• **WHAT NEEDS TO BE DONE**:
For this exercise, return the line containing "Pearl Drop Huggie" and every line after it through the end of the records below, without alteration.

Start of PROVIDED INFORMATION

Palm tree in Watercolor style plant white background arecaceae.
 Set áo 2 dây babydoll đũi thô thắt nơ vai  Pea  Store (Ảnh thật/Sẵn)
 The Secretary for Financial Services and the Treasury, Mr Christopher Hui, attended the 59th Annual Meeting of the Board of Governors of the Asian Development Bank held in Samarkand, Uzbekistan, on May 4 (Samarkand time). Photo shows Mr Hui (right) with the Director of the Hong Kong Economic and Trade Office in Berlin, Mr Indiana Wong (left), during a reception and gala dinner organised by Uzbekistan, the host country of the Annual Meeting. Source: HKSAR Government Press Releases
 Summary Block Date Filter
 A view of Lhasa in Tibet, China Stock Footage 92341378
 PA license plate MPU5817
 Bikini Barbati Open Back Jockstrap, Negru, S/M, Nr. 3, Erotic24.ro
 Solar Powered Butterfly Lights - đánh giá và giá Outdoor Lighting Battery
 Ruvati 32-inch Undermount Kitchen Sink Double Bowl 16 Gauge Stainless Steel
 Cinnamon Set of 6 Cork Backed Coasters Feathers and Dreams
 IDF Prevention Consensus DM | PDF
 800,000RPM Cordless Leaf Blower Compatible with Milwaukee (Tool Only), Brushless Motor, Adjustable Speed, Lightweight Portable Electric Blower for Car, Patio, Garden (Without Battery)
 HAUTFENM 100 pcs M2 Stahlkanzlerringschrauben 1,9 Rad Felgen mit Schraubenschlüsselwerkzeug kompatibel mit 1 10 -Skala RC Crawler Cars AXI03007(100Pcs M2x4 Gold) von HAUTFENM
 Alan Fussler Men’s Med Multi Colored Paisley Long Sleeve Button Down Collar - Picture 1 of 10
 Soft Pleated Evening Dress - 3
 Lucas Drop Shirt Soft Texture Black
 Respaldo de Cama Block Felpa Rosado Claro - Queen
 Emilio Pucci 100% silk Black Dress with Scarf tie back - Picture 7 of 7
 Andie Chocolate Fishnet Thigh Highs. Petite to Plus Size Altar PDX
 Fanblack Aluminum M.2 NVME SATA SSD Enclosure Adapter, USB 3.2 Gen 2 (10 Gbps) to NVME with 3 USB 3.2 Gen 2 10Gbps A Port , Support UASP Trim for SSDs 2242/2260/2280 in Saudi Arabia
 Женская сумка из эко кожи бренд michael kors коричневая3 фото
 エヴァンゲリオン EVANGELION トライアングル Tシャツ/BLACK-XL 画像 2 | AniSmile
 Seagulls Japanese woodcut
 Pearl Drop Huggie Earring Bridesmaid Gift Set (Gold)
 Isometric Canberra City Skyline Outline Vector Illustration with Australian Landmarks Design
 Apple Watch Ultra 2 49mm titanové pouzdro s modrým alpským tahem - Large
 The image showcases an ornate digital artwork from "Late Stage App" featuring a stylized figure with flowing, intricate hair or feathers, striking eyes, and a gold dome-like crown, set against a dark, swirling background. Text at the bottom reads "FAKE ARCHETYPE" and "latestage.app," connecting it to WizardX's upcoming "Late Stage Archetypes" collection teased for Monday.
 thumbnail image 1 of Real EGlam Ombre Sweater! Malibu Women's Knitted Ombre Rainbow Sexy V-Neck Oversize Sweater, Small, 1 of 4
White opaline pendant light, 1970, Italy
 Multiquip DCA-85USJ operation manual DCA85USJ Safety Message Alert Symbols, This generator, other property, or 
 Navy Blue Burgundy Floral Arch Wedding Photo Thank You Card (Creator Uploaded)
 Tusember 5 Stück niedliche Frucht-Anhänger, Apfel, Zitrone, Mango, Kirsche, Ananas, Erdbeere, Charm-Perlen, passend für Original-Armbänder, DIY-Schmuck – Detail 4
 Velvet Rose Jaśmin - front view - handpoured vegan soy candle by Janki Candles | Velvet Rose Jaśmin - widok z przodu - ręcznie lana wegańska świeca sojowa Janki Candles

End of PROVIDED INFORMATION

• **SOLUTION TO THIS TASK**:
 Pearl Drop Huggie Earring Bridesmaid Gift Set (Gold)
 Isometric Canberra City Skyline Outline Vector Illustration with Australian Landmarks Design
 Apple Watch Ultra 2 49mm titanové pouzdro s modrým alpským tahem - Large
 The image showcases an ornate digital artwork from "Late Stage App" featuring a stylized figure with flowing, intricate hair or feathers, striking eyes, and a gold dome-like crown, set against a dark, swirling background. Text at the bottom reads "FAKE ARCHETYPE" and "latestage.app," connecting it to WizardX's upcoming "Late Stage Archetypes" collection teased for Monday.
 thumbnail image 1 of Real EGlam Ombre Sweater! Malibu Women's Knitted Ombre Rainbow Sexy V-Neck Oversize Sweater, Small, 1 of 4
White opaline pendant light, 1970, Italy
 Multiquip DCA-85USJ operation manual DCA85USJ Safety Message Alert Symbols, This generator, other property, or 
 Navy Blue Burgundy Floral Arch Wedding Photo Thank You Card (Creator Uploaded)
 Tusember 5 Stück niedliche Frucht-Anhänger, Apfel, Zitrone, Mango, Kirsche, Ananas, Erdbeere, Charm-Perlen, passend für Original-Armbänder, DIY-Schmuck – Detail 4
 Velvet Rose Jaśmin - front view - handpoured vegan soy candle by Janki Candles | Velvet Rose Jaśmin - widok z przodu - ręcznie lana wegańska świeca sojowa Janki Candles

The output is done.